Wild flowers of the north-eastern states
WILD SENNA: Cassia Marilandica.
BEING THREE HUNDRED AND EIGHT INDIVIDUALS COMMON TO THE NORTH-EASTERN UNITED STATES, DRAWN AND DESCRIBED FROM LIFE BY
ELLEN MILLER AND MARGARET CHRISTINE WHITING
WITH THREE HUNDRED AND EIGHT ILLUSTRATIONS THE SIZE OF LIFE
G. P. PUTNAM’S SONS
NEW YORK 27 WEST TWENTY-THIRD STREET
LONDON 24 BEDFORD STREET, STRAND
The Knickerbocker Press 1895
Copyright, 1895 BY G. P. PUTNAM’S SONS
The Knickerbocker Press, New York
Dedicated TO MARY GOODRICH WHITING AND MARY ESTHER MILLER
It was with no desire to compete with scientific botanies that this collection of flowers was gathered together, but with the hope of making their acquaintance more easy to non-scientific folk than the much condensed manuals of our flora are able to do.
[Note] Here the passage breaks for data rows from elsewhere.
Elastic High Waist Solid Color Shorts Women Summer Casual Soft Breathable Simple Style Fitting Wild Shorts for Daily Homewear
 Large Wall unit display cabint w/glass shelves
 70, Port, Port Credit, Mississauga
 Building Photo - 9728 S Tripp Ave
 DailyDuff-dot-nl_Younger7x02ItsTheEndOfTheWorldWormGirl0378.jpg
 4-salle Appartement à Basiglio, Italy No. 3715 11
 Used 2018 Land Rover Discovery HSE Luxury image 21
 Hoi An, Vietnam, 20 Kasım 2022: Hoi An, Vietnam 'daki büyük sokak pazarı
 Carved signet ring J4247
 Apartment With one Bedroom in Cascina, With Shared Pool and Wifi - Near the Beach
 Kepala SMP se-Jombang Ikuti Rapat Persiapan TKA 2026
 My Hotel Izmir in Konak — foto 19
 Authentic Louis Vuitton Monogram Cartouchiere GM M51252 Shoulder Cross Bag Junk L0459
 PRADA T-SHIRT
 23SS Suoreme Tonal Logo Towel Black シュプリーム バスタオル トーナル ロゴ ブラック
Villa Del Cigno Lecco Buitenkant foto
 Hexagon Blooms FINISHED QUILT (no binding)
The opportunity of introducing a plant, with that graceful amplitude which forestalls human meetings, is denied to the scientific botanist by the needful restrictions of his formulæ, and there remain unnoted by him (because beyond the scope of a special terminology) numberless traits of race-habit, and personal details of growth belonging to the plants, to which the unlearned observer will attach a degree of significance, incommensurate, perhaps, to their scientific value. To the simple Nature-lover each growth possesses a personal quality more desirable than the catalogued facts of its existence, and which offers an invitation to his thought beyond the knowledge he may gain from books.